AIM OF THE EXERCISE: Among the entries that follow, locate the line with "Green diecast model" and the line with "Postel nebo postele". Output those lines and all lines in between, exactly, minus the pictures.

[PROVIDED INFORMATION Boundary: Start]

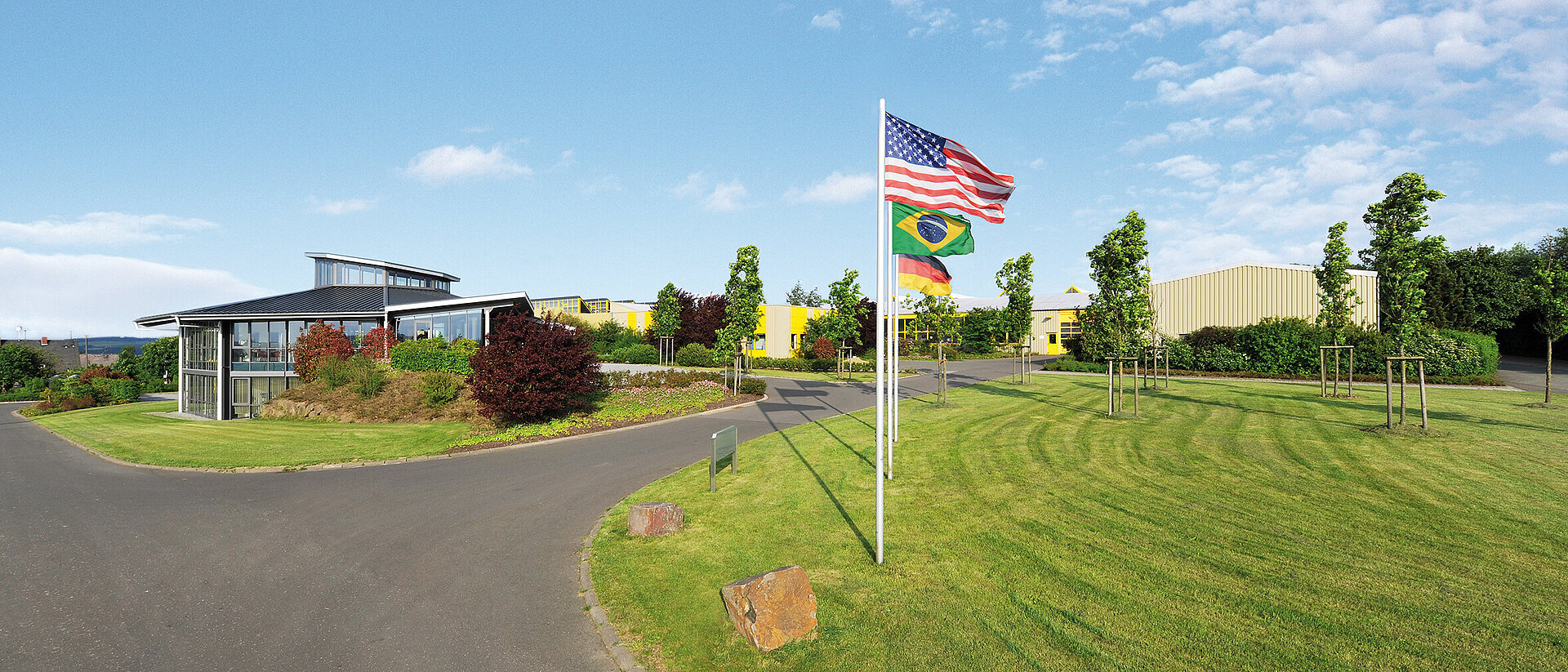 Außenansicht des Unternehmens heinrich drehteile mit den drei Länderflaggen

[PROVIDED INFORMATION Boundary: End]
[PROVIDED INFORMATION Boundary: Start]

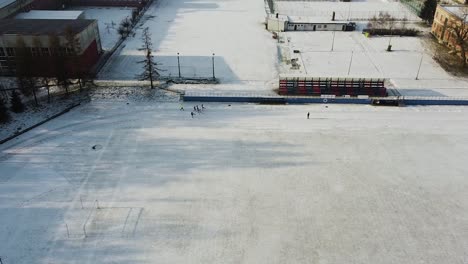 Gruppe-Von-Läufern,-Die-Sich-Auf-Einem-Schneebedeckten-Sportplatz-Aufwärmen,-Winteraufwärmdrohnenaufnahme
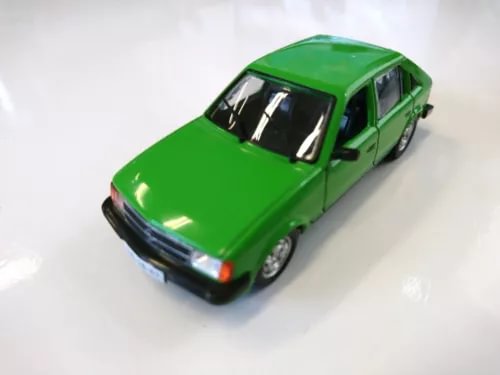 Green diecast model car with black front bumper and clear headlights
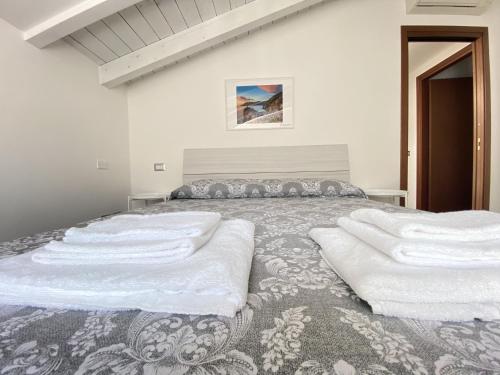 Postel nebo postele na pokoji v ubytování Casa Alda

[PROVIDED INFORMATION Boundary: End]
[PROVIDED INFORMATION Boundary: Start]

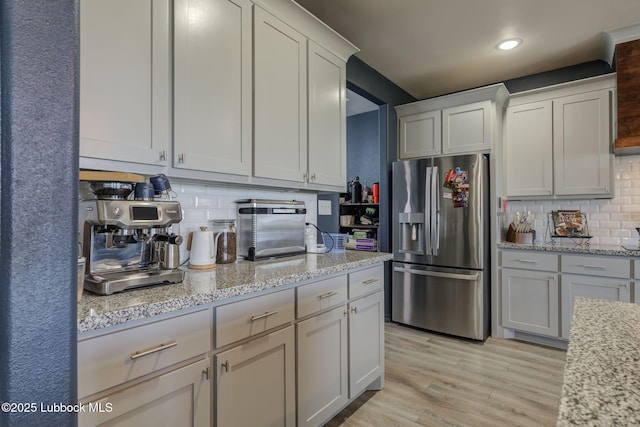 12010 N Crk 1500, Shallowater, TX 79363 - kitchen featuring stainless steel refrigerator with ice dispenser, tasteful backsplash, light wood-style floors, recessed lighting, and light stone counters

[PROVIDED INFORMATION Boundary: End]

ANSWER TO THIS PROBLEM:
 Green diecast model car with black front bumper and clear headlights
 Postel nebo postele na pokoji v ubytování Casa Alda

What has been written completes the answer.